A “New” Postcard, Featuring Antisemitic Distortion of the 1941 Lietukis Garage Massacre, Comes to Light as Vilnius University Calls the Envelope-Maker “Humanistic”



Just as Vilnius University put up a sign in Lithuanan and English, defending as “humanistic” its exhibition of a collection of envelopes by the antisemitic and homophobic designer Antanas Šakalys, the VU employee who had first provided the offensive images to DefendingHistory, which we published on 21 September 2012, provided another, at 2PM today, to coincide with the time of the scheduled gala opening of the exhibition, cancelled after our article and the 25 Septenber Delfi.lt report by Eglė Samoškaitė. The 2PM slot was then symbolically taken up at the university by a group of nine dauntless protesters against the glorification of an antisemitic and homophobic designer.

Ironically the envelope released today, a production of the same designer, also refers to “humanism”…

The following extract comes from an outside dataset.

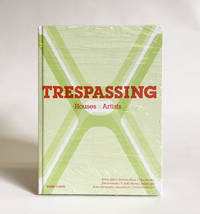 cover of Trespassing : Houses x Artists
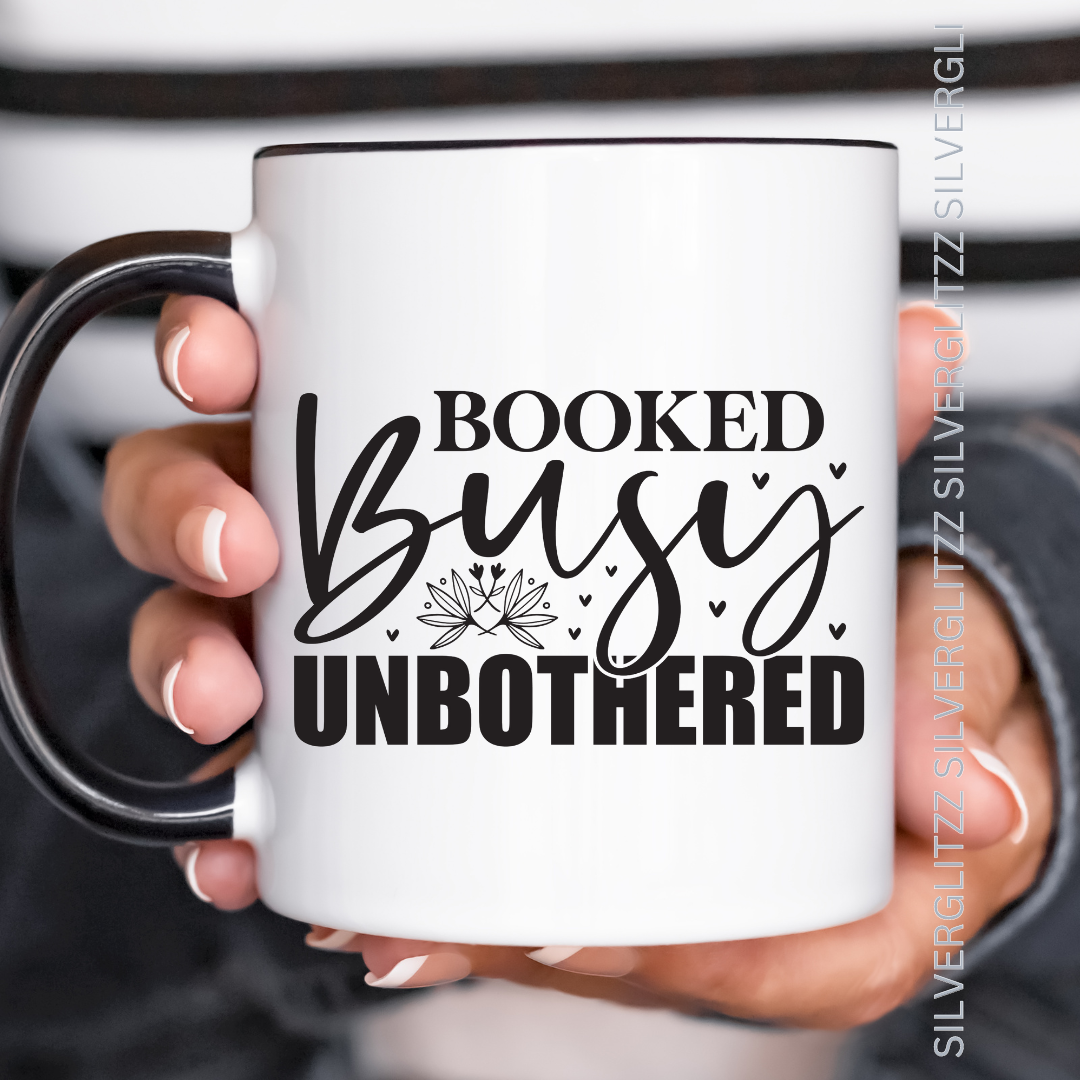 BOOKED, BUSY, UNBOTHERED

It goes to the heart of the locally inseparable nexus of antisemitism and Holocaust Obfuscation (denial/inversion/distortion/trivialization). The envelope is dedicated to the infamous Lietukis Garage massacre of 27 June 1941 in Kaunas when dozens of Jewish passers-by were brutally murdered by white-armbanded Lithuanian nationalists. The Germans had arrived in Kaunas but not yet set up their administration. Methods of murder of the Jewish townspeople rounded up including clubbing to death and the forcing of high pressure water hoses into the mouths and other bodily orifices of the victims, all to the delight of a cheering crowd.

The envelope:

Translation:

“On 23 June 1941, an uprising began in Kaunas. It aimed to regain Lithuania‘s independence. Patriots in other cities also rebelled. The last NKVD agents were fleeing Kaunas (most were Jews and Russians). They hurried back to their garage (the former Lietukis garage) where mechanics were repairing cars and demanded they be driven to Russia. Some of the mechanics fled and asked for help from people, to defend them from the communists that went berserk. Now there is a lot of talk about the pogroms that began, which never ever happened in Lithuania, but there is no explanation on who most contributed to the genocide and extermination of a people. The tolerance and humanism of our people is remarkable in that after all that tens of thousands of our people rescued Jews during the German occupation. And what Jew who served in the NKVD rescued us from the hell of the Gulag? After all, Jews were at the very ‘summit of NKVD authorities!’ About 2,000 patriots of Lithuania died during the uprising of June 23.”